Data for this task:
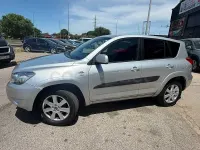 Usado Toyota RAV4 Premium 177 CV (130 kW) 2006 Gris / plata SUV
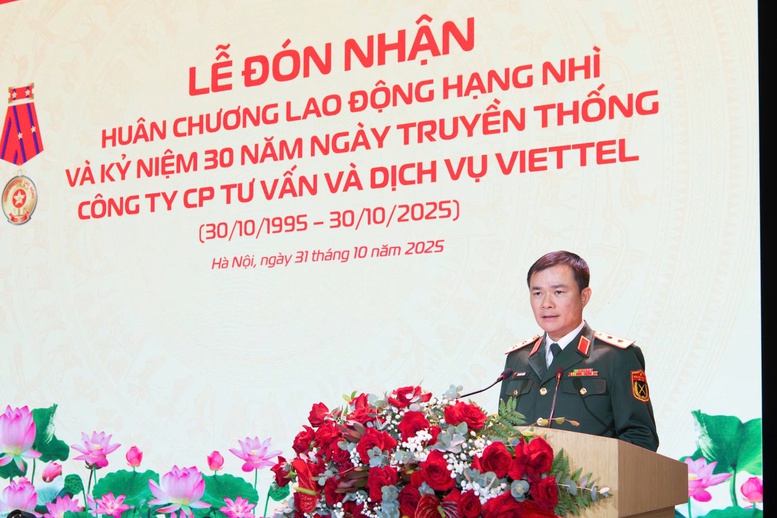 VTK đón nhân Huân chương Lao động hạng Nhì- Ảnh 2. VTK đón nhân Huân chương Lao động hạng Nhì- Ảnh 2.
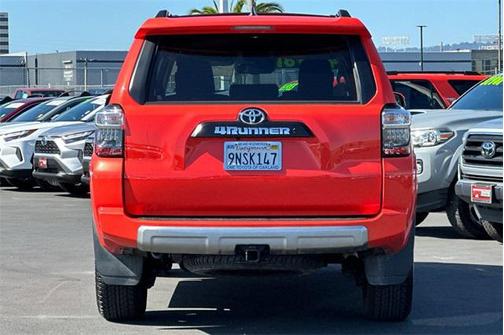 2024 Toyota 4Runner TRD Off Road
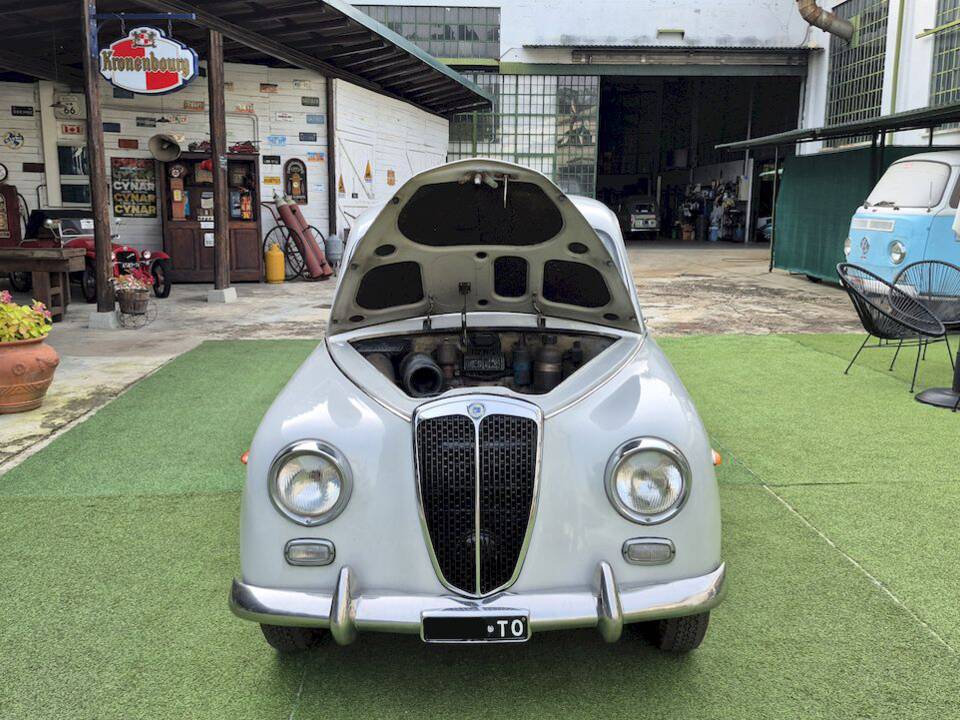 Image 45/53 of Lancia Appia C10 (1957)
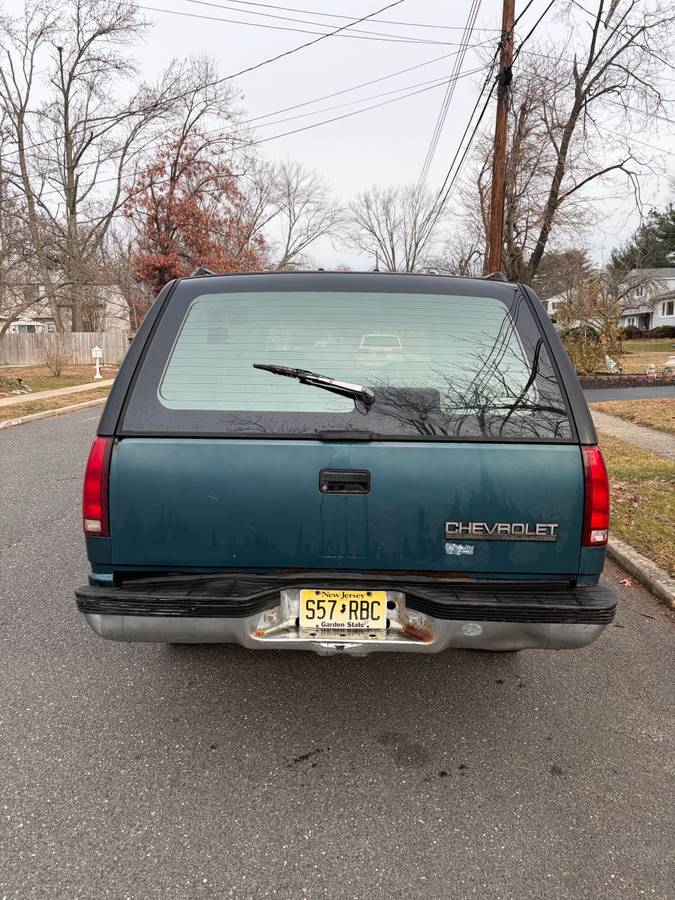 Chevrolet-suburban-4wd-1993-blue-4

The problem:
Locate the line containing "2024 Toyota 4Runner TRD Off Road" in the material above, then repeat it and every later line exactly, with no pictures.

Solution to this task:
 2024 Toyota 4Runner TRD Off Road
 Image 45/53 of Lancia Appia C10 (1957)
 Chevrolet-suburban-4wd-1993-blue-4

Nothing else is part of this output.